▸ SOURCE MATERIAL
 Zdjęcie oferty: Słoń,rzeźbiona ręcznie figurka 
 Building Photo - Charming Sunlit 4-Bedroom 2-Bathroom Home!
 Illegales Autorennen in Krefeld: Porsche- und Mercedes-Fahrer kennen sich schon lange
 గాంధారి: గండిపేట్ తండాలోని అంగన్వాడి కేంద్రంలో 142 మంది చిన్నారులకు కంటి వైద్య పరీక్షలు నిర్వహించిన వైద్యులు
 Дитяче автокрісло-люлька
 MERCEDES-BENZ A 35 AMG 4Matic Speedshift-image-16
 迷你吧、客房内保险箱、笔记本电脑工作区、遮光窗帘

...

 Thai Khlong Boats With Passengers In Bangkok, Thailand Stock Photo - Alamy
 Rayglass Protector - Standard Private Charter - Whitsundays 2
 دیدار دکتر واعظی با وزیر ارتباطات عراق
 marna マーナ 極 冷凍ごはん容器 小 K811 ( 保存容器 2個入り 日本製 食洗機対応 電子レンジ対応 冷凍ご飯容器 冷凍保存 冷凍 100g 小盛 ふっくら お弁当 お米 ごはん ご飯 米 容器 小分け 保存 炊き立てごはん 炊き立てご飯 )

* * *

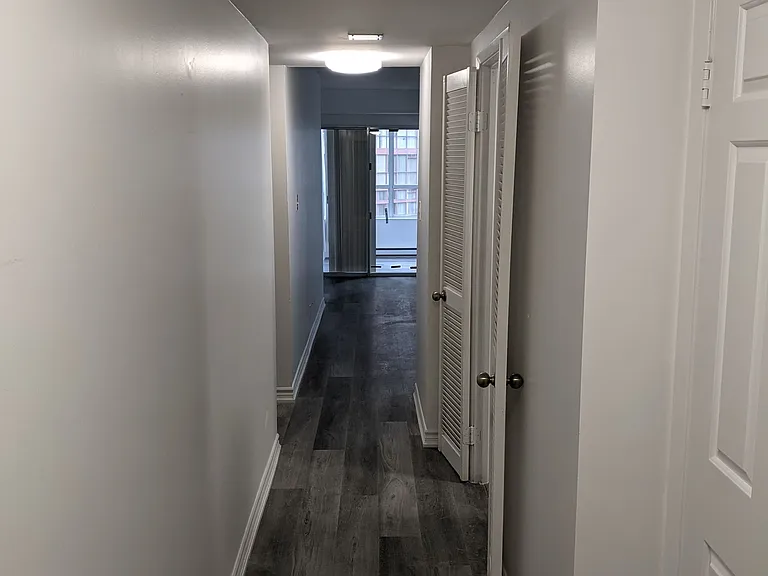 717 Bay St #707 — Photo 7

▸ EXERCISE REQUIREMENTS
Word for word, restate the lines of the listing above starting at the line with "Thai Khlong Boats" and ending at the line with "marna マーナ 極", and nothing outside them.

▸ YOUR RESPONSE
 Thai Khlong Boats With Passengers In Bangkok, Thailand Stock Photo - Alamy
 Rayglass Protector - Standard Private Charter - Whitsundays 2
 دیدار دکتر واعظی با وزیر ارتباطات عراق
 marna マーナ 極 冷凍ごはん容器 小 K811 ( 保存容器 2個入り 日本製 食洗機対応 電子レンジ対応 冷凍ご飯容器 冷凍保存 冷凍 100g 小盛 ふっくら お弁当 お米 ごはん ご飯 米 容器 小分け 保存 炊き立てごはん 炊き立てご飯 )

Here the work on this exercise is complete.